For C1 ≪ K_m and C1 ≪ IC₅₀, the square brackets in equations A5 and A6 yield the maximum achievable total clearance at low drug concentrations:

$$\text{CL}={\text{CL}}_{\text{lin}}+{\text{CL}}_{\text{ic}}$$ (A7)

For C1 ≫ K_m and C1 ≫ IC₅₀, the lowest clearance at high drug concentrations is as follows:

$$\text{CL}·\left(1-I_{\max }\right)={\text{CL}}_{\text{lin}}$$ (A8)

Rearranging equation A8 and inserting equation A7 yields the following:

$$I_{\max }=1-\frac{{\text{CL}}_{\text{lin}}}{\text{CL}}=1-\frac{{\text{CL}}_{\text{lin}}}{{\text{CL}}_{\text{lin}}+{\text{CL}}_{\text{ic}}}$$ (A9)

With equation A9 the square bracket in equation A5 yields the following:

$$\text{CL}·\left(1-\frac{I_{\max }·\text{C}1}{{\text{IC}}_{50}+\text{C}1}\right)=\text{CL}·\left(1-\frac{\left(1-\frac{{\text{CL}}_{\text{lin}}}{\text{CL}}\right)·\text{C}1}{{\text{IC}}_{50}+\text{C}1}\right)=\frac{\text{CL}·\left({\text{IC}}_{50}+\text{C}1\right)-\text{CL}·\text{C}1+{\text{CL}}_{\text{lin}}·\text{C}1}{{\text{IC}}_{50}·\text{C}1}=\frac{\text{CL}·{\text{IC}}_{50}+{\text{CL}}_{\text{lin}}·\text{C}1}{{\text{IC}}_{50}+\text{C}1}$$ (A10)

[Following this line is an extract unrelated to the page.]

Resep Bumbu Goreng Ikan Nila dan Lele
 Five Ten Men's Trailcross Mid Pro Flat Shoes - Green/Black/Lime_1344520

Inserting equation A7 into equation A10 yields the following:

$$\frac{\text{CL}·{\text{IC}}_{50}+{\text{CL}}_{\text{lin}}\text{·C}1}{{\text{IC}}_{50}·\text{C}1}=\frac{\left({\text{CL}}_{\text{lin}}+{\text{CL}}_{\text{ic}}\right)·{\text{IC}}_{50}+{\text{CL}}_{\text{lin}}·\text{C}1}{{\text{IC}}_{50}+\text{C}1}=\frac{{\text{CL}}_{\text{lin}}·\left({\text{IC}}_{50}+\text{C}1\right)+{\text{CL}}_{\text{ic}}·{\text{IC}}_{50}}{{\text{IC}}_{50}+\text{C}1}={\text{CL}}_{\text{lin}}+\frac{{\text{CL}}_{\text{ic}}·{\text{IC}}_{50}}{{\text{IC}}_{50}+\text{C}1}$$ (A11)

With K_m = IC₅₀, equation A11 is identical to the square bracket for the apparent total clearance in equation A6. Thus, the inhibition compartment model converges to a model with parallel first-order and Michaelis-Menten elimination when k_out is large (i.e., rapid turnover) and the Hill coefficient is 1.